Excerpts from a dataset
--- START ---

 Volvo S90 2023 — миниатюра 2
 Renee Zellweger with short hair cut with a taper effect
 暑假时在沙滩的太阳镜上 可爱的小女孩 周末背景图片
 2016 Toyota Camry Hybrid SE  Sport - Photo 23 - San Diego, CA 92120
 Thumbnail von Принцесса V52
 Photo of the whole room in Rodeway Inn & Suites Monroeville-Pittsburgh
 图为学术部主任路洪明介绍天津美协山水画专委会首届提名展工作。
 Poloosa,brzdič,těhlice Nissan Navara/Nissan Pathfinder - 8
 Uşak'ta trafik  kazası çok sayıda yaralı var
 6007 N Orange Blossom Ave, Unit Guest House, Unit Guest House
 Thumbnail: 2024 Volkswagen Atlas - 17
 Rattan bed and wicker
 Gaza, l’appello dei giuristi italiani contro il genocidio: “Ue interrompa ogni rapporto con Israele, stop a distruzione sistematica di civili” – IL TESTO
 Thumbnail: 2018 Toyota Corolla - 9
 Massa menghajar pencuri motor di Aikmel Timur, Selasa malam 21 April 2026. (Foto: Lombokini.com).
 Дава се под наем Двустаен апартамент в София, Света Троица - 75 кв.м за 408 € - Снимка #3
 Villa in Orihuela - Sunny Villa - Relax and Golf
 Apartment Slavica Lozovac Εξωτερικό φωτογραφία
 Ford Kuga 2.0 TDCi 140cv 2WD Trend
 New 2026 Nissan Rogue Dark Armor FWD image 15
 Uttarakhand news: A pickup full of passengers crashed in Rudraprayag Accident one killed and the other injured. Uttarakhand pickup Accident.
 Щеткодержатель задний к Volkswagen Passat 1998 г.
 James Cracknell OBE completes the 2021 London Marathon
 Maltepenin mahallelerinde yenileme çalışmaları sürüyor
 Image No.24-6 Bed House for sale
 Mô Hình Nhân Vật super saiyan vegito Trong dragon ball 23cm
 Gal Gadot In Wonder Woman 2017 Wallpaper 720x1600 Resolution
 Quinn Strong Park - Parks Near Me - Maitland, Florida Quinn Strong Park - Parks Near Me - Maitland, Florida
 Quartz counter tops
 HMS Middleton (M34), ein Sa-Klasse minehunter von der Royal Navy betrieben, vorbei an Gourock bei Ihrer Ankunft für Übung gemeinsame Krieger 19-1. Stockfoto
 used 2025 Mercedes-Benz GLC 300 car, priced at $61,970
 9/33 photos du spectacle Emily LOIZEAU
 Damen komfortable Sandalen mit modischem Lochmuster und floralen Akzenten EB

--- END ---

The word "House" may appear in several lines of the data; copy every line where it does.

* _Response area_
 6007 N Orange Blossom Ave, Unit Guest House, Unit Guest House
 Image No.24-6 Bed House for sale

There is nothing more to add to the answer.